In the listing below, find the line containing "Bearington Collection |" and the line containing "アシックス（ASICS）グラウンドゴルフ ボールポーチ 3283A020.600". Repeat exactly those two lines and every line between them, nothing more.
+++
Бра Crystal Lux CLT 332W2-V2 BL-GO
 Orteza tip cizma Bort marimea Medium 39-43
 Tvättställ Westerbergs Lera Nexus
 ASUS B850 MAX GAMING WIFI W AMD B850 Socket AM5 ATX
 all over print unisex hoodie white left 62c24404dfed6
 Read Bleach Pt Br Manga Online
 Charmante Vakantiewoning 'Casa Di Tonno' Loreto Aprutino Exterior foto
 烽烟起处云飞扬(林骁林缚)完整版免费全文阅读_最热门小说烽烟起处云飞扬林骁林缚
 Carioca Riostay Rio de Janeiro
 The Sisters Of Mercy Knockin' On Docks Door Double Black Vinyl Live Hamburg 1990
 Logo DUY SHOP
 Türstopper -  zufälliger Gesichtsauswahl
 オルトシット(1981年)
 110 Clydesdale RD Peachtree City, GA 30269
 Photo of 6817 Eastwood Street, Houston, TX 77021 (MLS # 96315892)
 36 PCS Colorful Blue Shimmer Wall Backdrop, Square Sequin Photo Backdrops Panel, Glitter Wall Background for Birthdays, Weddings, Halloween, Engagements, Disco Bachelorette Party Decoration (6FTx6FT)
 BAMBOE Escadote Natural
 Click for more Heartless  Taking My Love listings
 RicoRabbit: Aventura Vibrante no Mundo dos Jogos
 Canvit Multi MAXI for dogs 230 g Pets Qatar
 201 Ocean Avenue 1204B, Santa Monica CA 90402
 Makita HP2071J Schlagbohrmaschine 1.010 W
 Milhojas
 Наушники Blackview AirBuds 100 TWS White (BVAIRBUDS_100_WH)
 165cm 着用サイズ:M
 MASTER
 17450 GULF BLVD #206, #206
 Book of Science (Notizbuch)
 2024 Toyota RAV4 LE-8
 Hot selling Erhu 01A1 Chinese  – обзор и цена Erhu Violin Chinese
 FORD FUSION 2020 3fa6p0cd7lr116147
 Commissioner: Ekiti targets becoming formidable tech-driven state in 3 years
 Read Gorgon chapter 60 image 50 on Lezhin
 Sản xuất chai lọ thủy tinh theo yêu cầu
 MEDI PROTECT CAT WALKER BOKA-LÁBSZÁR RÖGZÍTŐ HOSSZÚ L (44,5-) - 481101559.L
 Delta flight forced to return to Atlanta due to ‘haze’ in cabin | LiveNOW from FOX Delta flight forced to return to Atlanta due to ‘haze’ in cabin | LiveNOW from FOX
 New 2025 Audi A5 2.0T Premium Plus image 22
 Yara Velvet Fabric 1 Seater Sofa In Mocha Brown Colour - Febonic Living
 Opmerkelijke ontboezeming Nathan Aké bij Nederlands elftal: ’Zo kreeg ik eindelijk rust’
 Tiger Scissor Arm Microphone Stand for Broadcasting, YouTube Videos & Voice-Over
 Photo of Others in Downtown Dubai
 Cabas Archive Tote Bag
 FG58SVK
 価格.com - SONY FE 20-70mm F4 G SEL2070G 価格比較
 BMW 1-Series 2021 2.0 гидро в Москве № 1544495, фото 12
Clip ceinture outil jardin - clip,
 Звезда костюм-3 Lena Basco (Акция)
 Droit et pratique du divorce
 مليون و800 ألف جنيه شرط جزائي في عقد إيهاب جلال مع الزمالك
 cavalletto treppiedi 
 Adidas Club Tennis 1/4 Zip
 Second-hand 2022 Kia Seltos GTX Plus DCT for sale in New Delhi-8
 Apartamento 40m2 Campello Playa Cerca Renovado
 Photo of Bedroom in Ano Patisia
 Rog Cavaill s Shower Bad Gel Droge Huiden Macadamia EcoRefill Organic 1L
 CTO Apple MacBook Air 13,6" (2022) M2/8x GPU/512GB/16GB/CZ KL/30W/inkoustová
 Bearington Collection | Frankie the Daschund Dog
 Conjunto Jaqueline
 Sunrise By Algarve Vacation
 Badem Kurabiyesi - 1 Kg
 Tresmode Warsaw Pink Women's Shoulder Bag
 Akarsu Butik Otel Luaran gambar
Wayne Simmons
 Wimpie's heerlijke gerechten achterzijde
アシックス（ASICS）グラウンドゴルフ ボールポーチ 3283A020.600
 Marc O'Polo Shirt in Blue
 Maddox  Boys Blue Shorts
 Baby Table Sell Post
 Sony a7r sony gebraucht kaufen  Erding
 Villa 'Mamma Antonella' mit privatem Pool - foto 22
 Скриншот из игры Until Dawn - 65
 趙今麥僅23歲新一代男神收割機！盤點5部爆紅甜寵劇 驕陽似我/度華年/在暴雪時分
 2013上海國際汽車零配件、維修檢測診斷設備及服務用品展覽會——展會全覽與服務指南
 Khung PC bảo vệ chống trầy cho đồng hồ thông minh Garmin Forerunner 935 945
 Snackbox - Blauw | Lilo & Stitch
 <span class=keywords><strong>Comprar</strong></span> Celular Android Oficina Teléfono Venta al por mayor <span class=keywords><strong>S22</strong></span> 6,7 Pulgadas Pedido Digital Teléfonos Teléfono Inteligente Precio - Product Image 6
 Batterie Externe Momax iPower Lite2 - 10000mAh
+++
Exercise result:
 Bearington Collection | Frankie the Daschund Dog
 Conjunto Jaqueline
 Sunrise By Algarve Vacation
 Badem Kurabiyesi - 1 Kg
 Tresmode Warsaw Pink Women's Shoulder Bag
 Akarsu Butik Otel Luaran gambar
Wayne Simmons
 Wimpie's heerlijke gerechten achterzijde
アシックス（ASICS）グラウンドゴルフ ボールポーチ 3283A020.600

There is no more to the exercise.